Originally scheduled for May 29

The author of the apocryphal Prayer of Manasseh acknowledges God this way:

…for your glorious splendor cannot be borne,
and the wrath of your threat to sinners is unendurable; 
yet immeasurable and unsearchable
is your promised mercy, 
for you are the Lord Most High,
of great compassion, long-suffering, and very merciful,
and you relent at human suffering.

I hope you see the point.  It is that God is merciful beyond all measure and reason – despite the fact that He is high above us in glory and splendor, and his righteous wrath is unendurable.  It is one thing to be merciful when you are weak;  it is entirely another to be merciful when you are mighty.

May I submit to you that it is a fine test of the greatness of a man: what do you do when you triumph? Are you a revengeful, or merciful? A fine example of this is General Douglas MacArthur. When he took over Japan, at the end of World War II, many of his staff encouraged him to treat the Japanese as they had treated American prisoners of war. That treatment was gruesome and horrible. But MacArthur vigorously rejected the idea. In the American tradition of "malice towards none and charity towards all" he treated the Japanese with dignity and respect. No one was punished except through proper judicial procedure. The Japanese people as a whole found McArthur a benign monarch. The results of this procedure may be seen in the friendship of the Japanese towards the Americans to this day.
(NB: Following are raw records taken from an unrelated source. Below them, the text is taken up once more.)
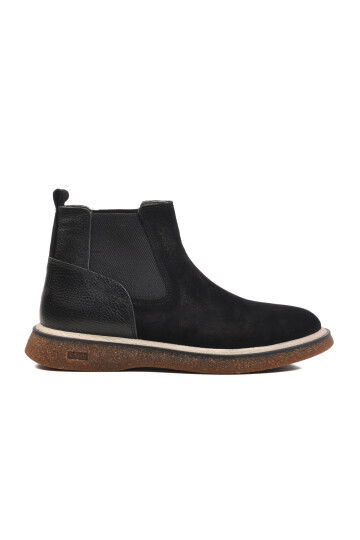 Black Suede Genuine Leather Mens Chelsea Boots 684016 M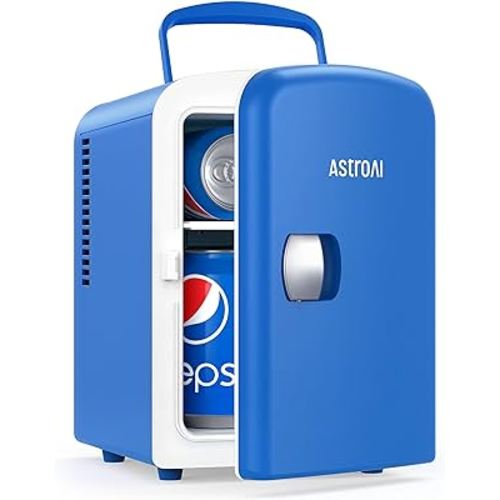 AstroAI Mini Fridge, 4 Liter/6 Can AC/DC Portable Thermoelectric Cooler Refrigerators for Skincare, Beverage, Food, Home, Office and Car, ETL Listed (Blue)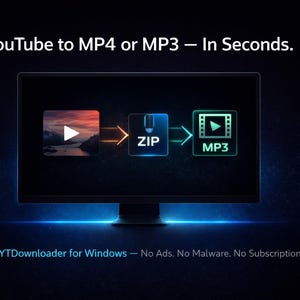 Puede incluir: Un monitor de computadora muestra un diagrama que ilustra la conversión de videos de YouTube a formatos MP4 o MP3. El proceso involucra un icono de video, un icono de archivo ZIP y un icono MP3. El texto en la parte superior dice "YouTube to MP4 or MP3 - In Seconds."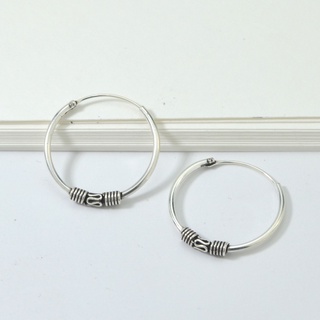 SILVER THAI  20mm Silver Chain Hoop Earringsต่างหูเงินแท้ 92.5% / ต่างหูห่วง ต่างหูบาหลีเงินแท้ (ราคาต่อ 1 คู่)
It is part of the glorious splendor of God that he is merciful to us. Indeed, just as his power is above and beyond all others, so is his mercy. Can there be any greater mercy than sending your son to die on the cross for the sins of those who rightly deserve death? That is what he did for us.

He asks that you remember this. Well we should; it is the most important fact in human history. So as you take this cup and eat this bread, remember: the splendor of the Almighty is displayed before you in the simplest of ways.